The witness looked at Claude Dancer. “That little bald-headed guy sittin' there. Prancer or Dancer, I think his name is called.”
“You're quite sure it wasn't Dunstan?” I asked, remembering the People's photographer.
“Huh? Yes, positive.”
“Where did he ask you?”
Gesturing: “Back in the D.A.'s office behind this here room.”
“Who brought you over to see him?”
“Charlie, the deputy there.”
“Is it fair to say, Mr. Miller, that if nobody had asked you you would not have mentioned this alleged conversation to anyone?” I held my breath awaiting the answer.
“Nope, I spose not. I got troubles enough of my own.”

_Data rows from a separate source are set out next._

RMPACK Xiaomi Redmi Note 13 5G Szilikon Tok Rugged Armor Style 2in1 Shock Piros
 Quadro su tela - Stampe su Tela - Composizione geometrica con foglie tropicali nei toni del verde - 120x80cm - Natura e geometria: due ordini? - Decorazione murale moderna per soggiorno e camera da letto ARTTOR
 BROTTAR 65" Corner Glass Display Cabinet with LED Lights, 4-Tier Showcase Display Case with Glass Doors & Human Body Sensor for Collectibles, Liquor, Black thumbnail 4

“Perhaps little troubles like awaiting sentence on your plea of guilty to arson?”
“Well, yes.”
“And of course nothing, not a whisper, was said about your pending arson sentence when you talked to Mr. Prancer or Dancer?”
Claude Dancer half rose and the Judge frowned and waved him down.
“Nope, nary a word.”
“And of course no promises were given you?”
“Nope.”
“And of course, Duke, you weren't thinking even faintly about your impending sentence for arson when you told the People the kind of story you thought they might possibly be panting to hear?”
Claude Dancer again shot up, bristling, and this time the Judge glared him back down.
“Nope, nary a thought.”
I paused. There was still some unfinished business, Buster business. If this man was lying he had doubtless dredged the name Buster from jail gossip or the newspaper accounts of the bartender's testimony at the trial.
Buster … .
Wasn't
that
an inspired diabolic touch? I stroked my chin, my mind galloping. Perhaps I could trap him into a transparent lie. “Where'd you find the name Buster?” I demanded suddenly. “I suppose from the newspaper accounts of the trial, didn't you?”
“No.”
“You mean no newspapers were available in the jail?” I pressed softly, trying for a demonstrable lie. I knew that during the trial the place was awash with newspapers.
The witness glanced quickly at Claude Dancer, then the Judge, then back at me, the Adam's apple gyrating. “Oh, yes, plenty of newspapers,” he answered. “But I haven't read any accounts of the trial. Bum eyes.” His voice rose. “The man called me Buster, I tell you.”